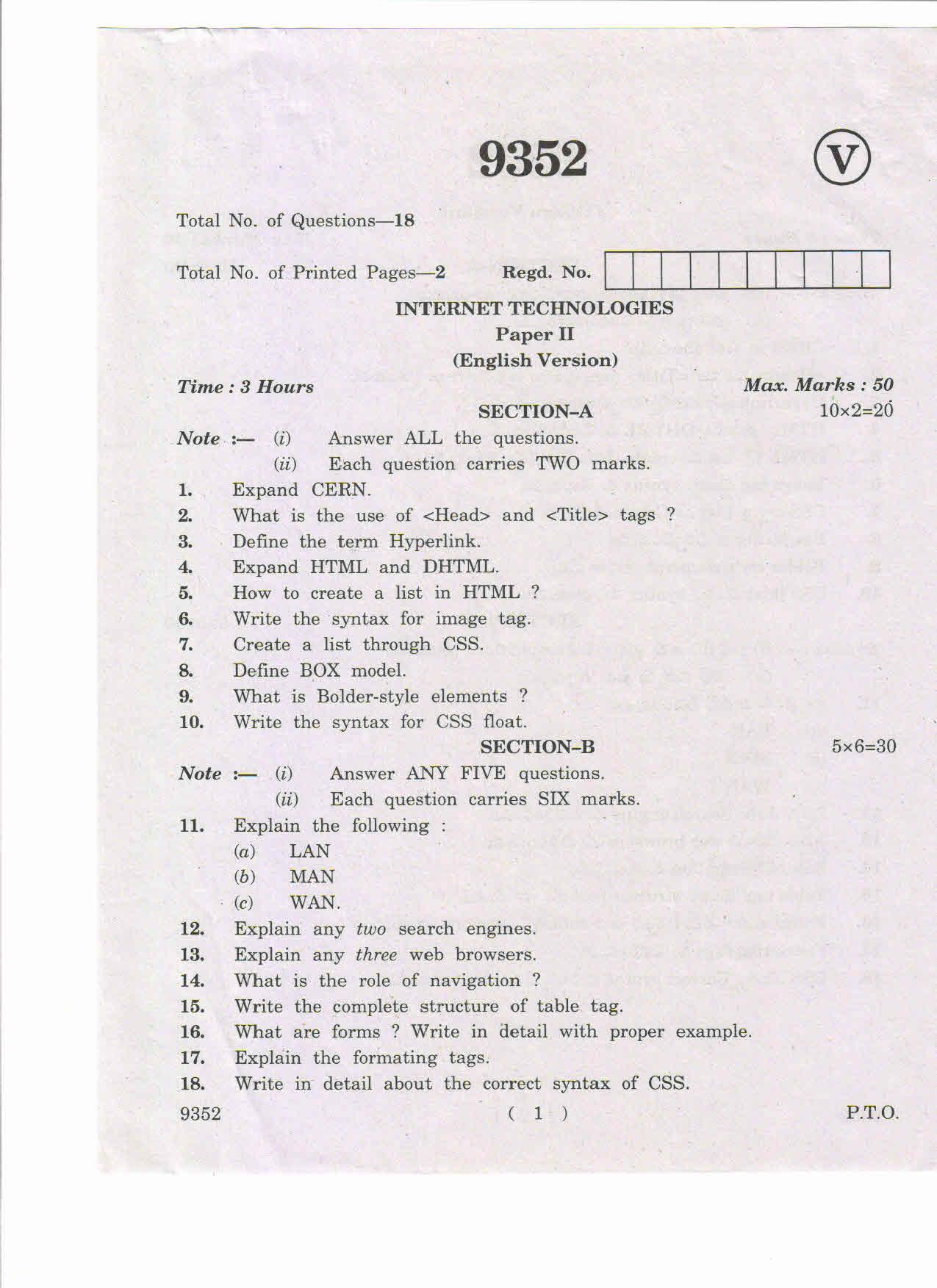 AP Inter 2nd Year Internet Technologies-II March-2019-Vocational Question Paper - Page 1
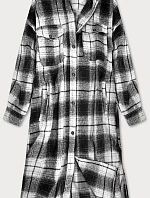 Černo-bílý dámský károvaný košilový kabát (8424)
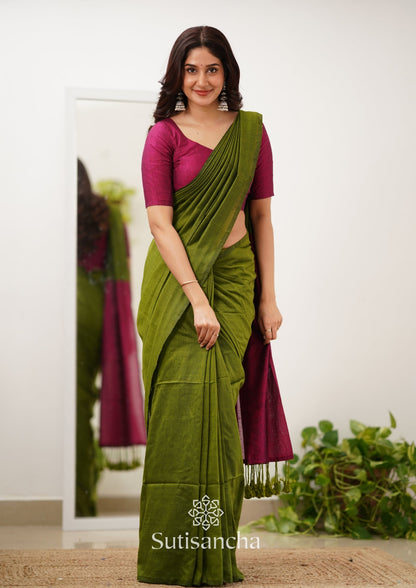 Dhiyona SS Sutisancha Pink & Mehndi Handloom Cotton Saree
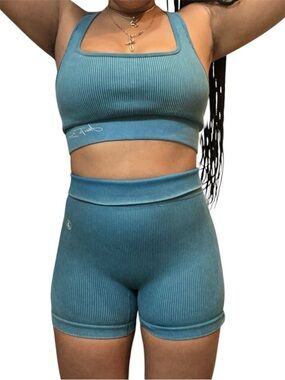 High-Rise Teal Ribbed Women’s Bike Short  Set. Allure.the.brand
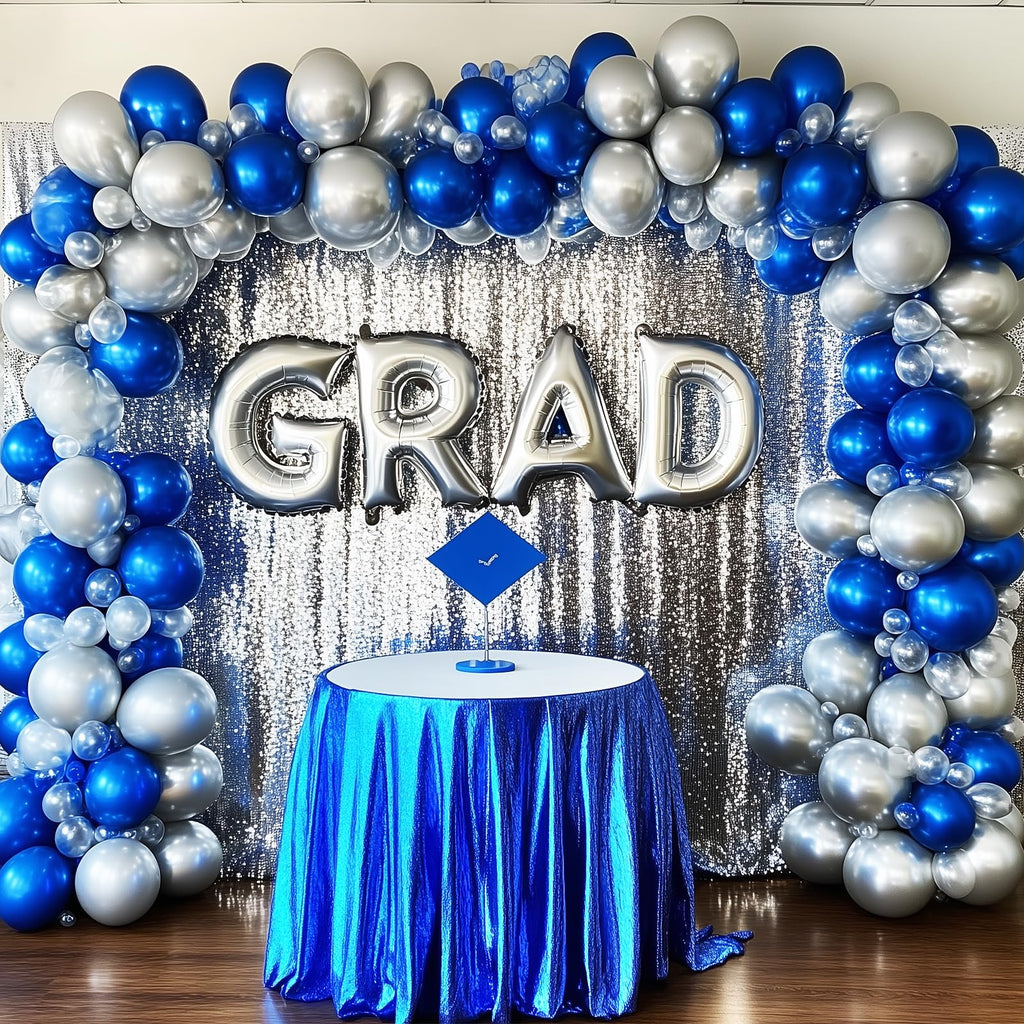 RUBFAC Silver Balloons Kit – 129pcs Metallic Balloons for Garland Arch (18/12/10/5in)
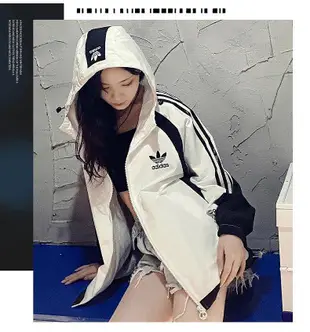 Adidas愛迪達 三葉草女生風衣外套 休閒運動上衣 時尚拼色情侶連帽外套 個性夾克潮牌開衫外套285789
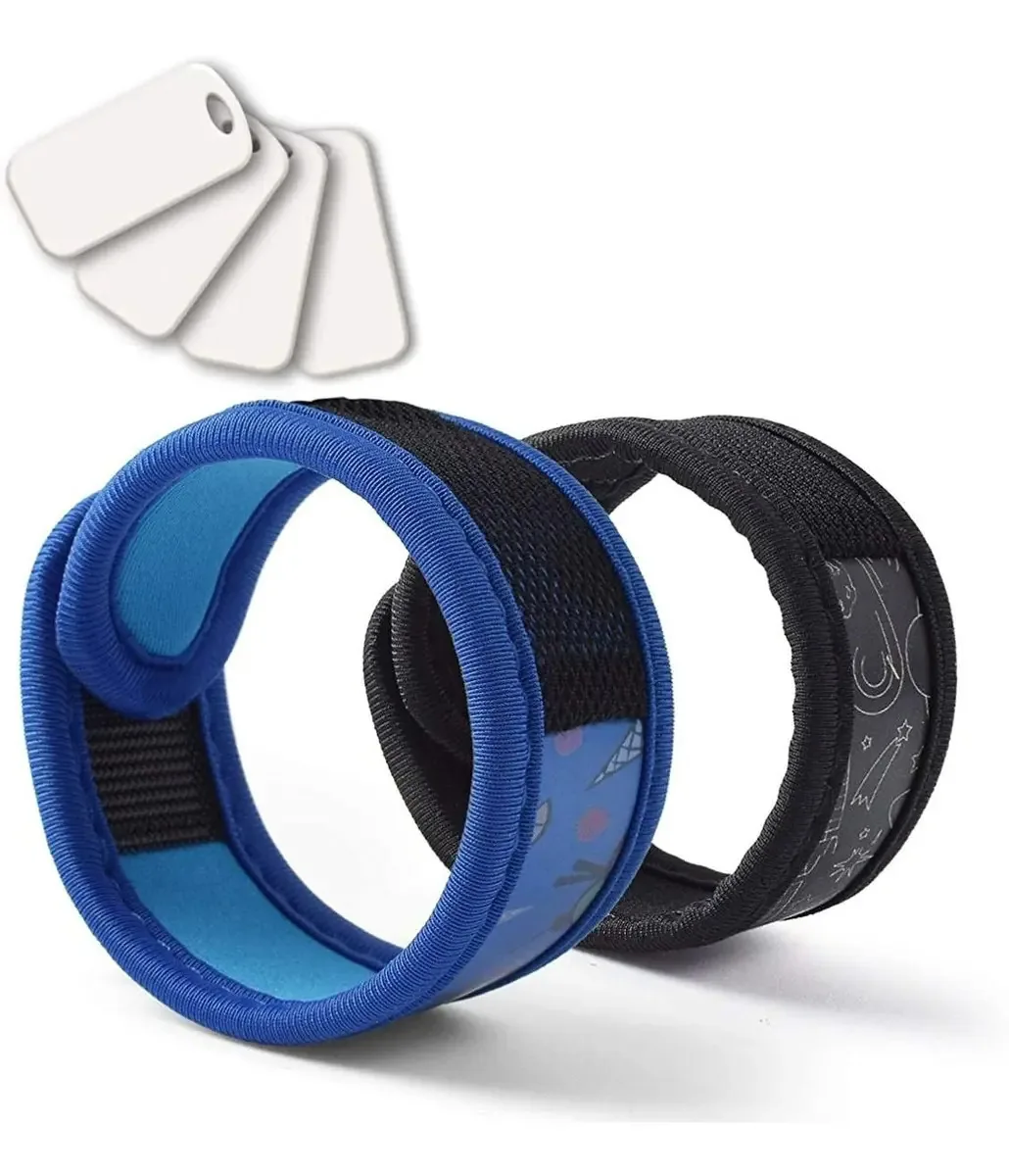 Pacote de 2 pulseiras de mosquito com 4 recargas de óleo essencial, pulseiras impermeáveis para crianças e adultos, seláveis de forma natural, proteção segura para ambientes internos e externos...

-- -- --

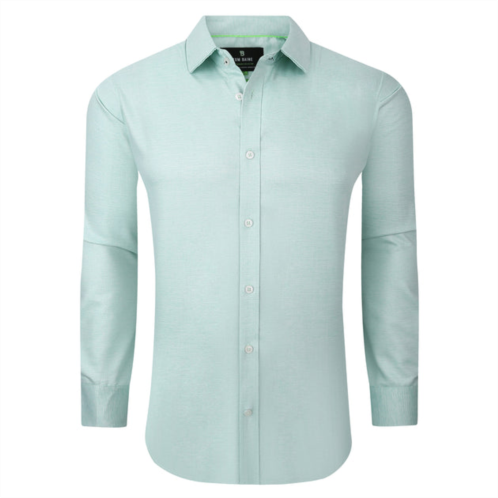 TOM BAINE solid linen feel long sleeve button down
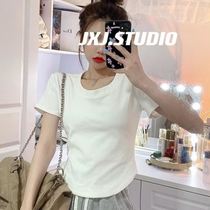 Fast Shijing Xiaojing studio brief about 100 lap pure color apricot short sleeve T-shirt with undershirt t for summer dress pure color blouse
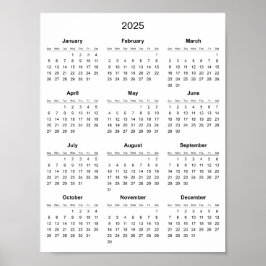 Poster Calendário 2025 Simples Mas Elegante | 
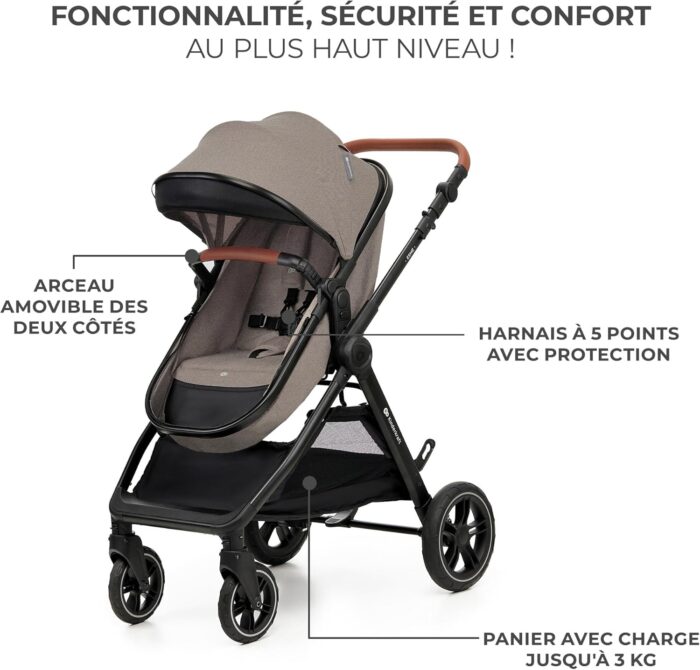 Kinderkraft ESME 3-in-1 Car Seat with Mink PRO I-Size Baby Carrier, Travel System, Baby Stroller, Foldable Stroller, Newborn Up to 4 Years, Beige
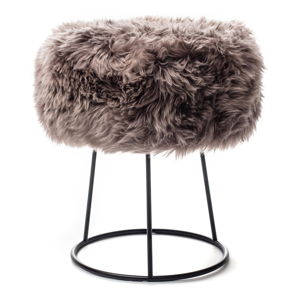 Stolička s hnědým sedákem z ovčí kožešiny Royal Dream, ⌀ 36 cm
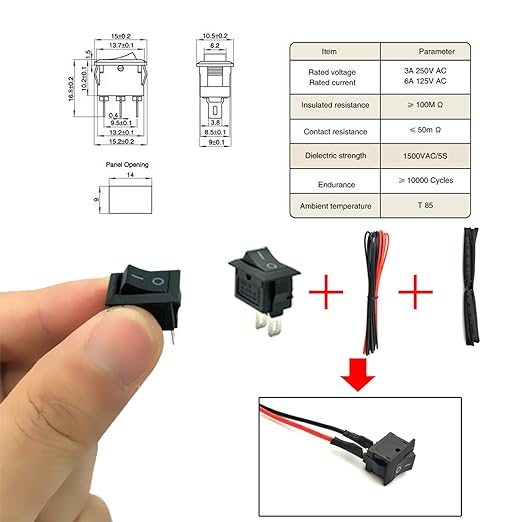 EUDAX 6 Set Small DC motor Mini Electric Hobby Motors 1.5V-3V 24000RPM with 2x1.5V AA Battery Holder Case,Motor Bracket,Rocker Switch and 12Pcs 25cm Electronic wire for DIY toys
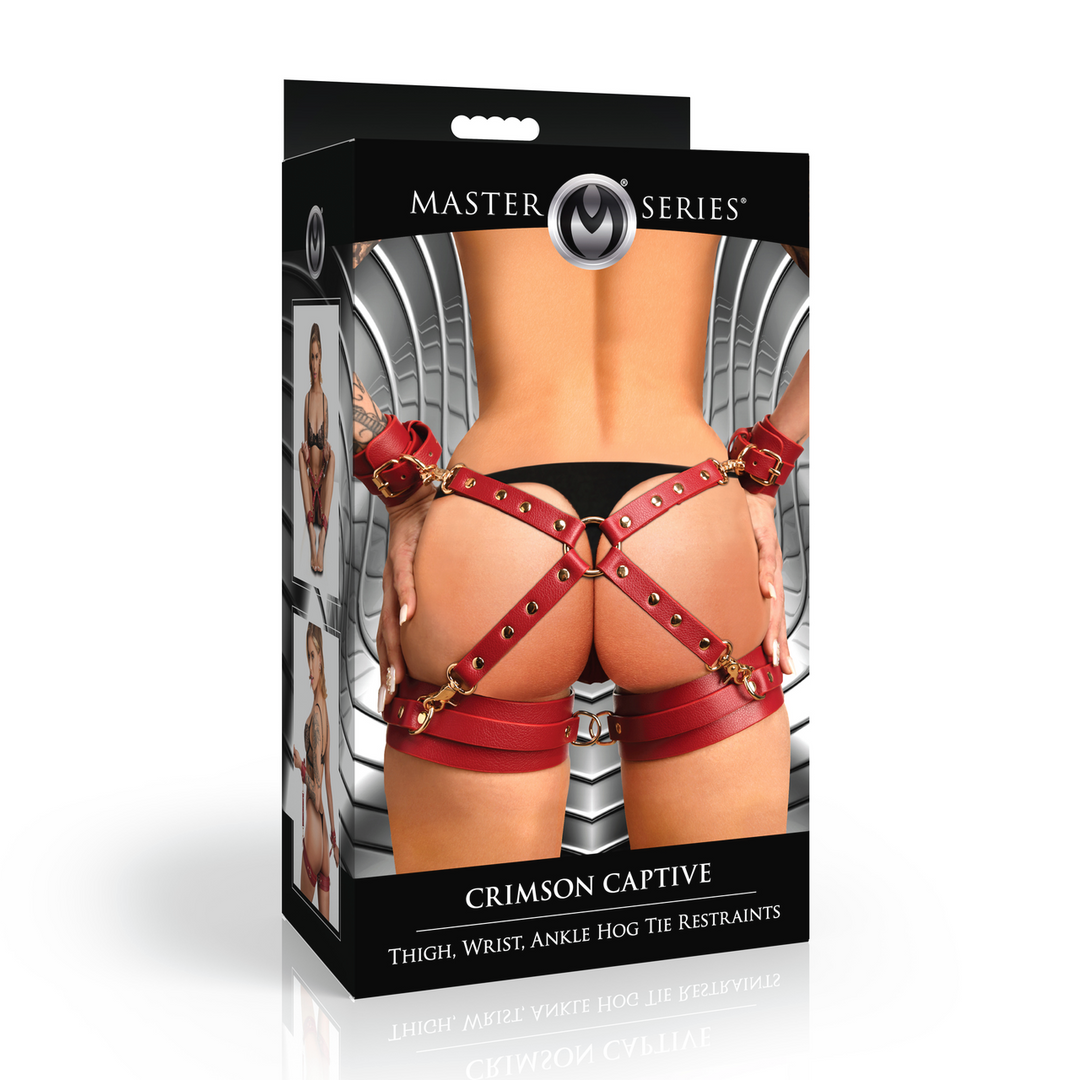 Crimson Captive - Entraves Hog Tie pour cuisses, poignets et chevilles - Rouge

-- -- --

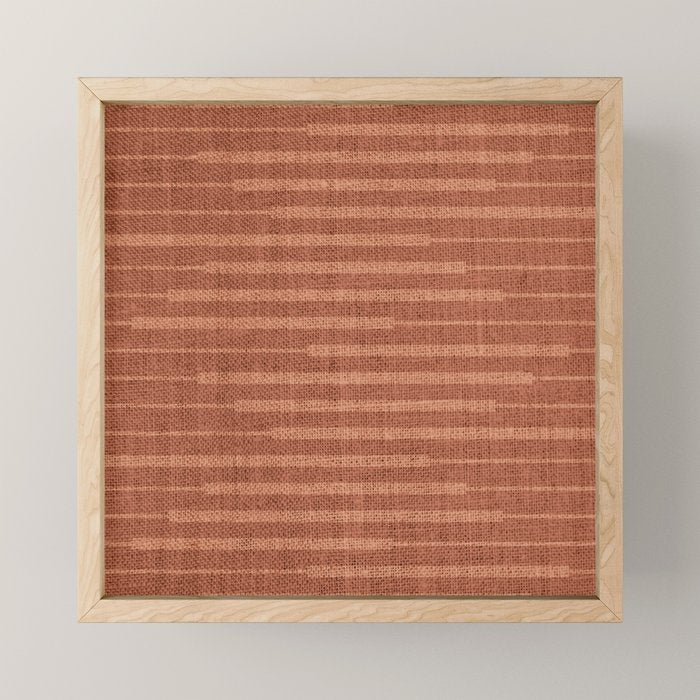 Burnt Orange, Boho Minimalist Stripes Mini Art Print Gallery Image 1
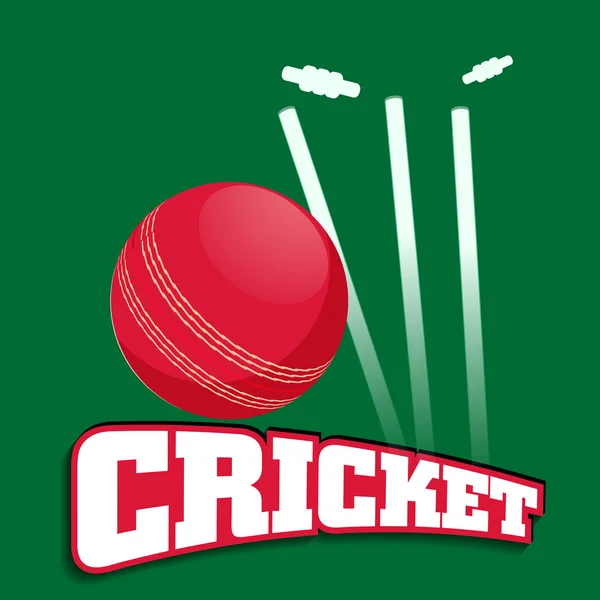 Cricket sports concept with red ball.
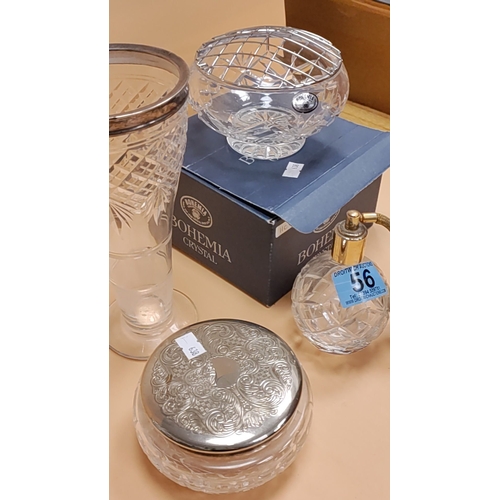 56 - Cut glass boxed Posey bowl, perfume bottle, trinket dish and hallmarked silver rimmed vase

-- -- --

● What the task requires
Please return the material above only from the line that holds "Stolička s hnědým" through the line that holds "Crimson Captive - Entraves", exactly as it stands, ends included and pictures omitted.

● Result for this exercise
 Stolička s hnědým sedákem z ovčí kožešiny Royal Dream, ⌀ 36 cm
 EUDAX 6 Set Small DC motor Mini Electric Hobby Motors 1.5V-3V 24000RPM with 2x1.5V AA Battery Holder Case,Motor Bracket,Rocker Switch and 12Pcs 25cm Electronic wire for DIY toys
 Crimson Captive - Entraves Hog Tie pour cuisses, poignets et chevilles - Rouge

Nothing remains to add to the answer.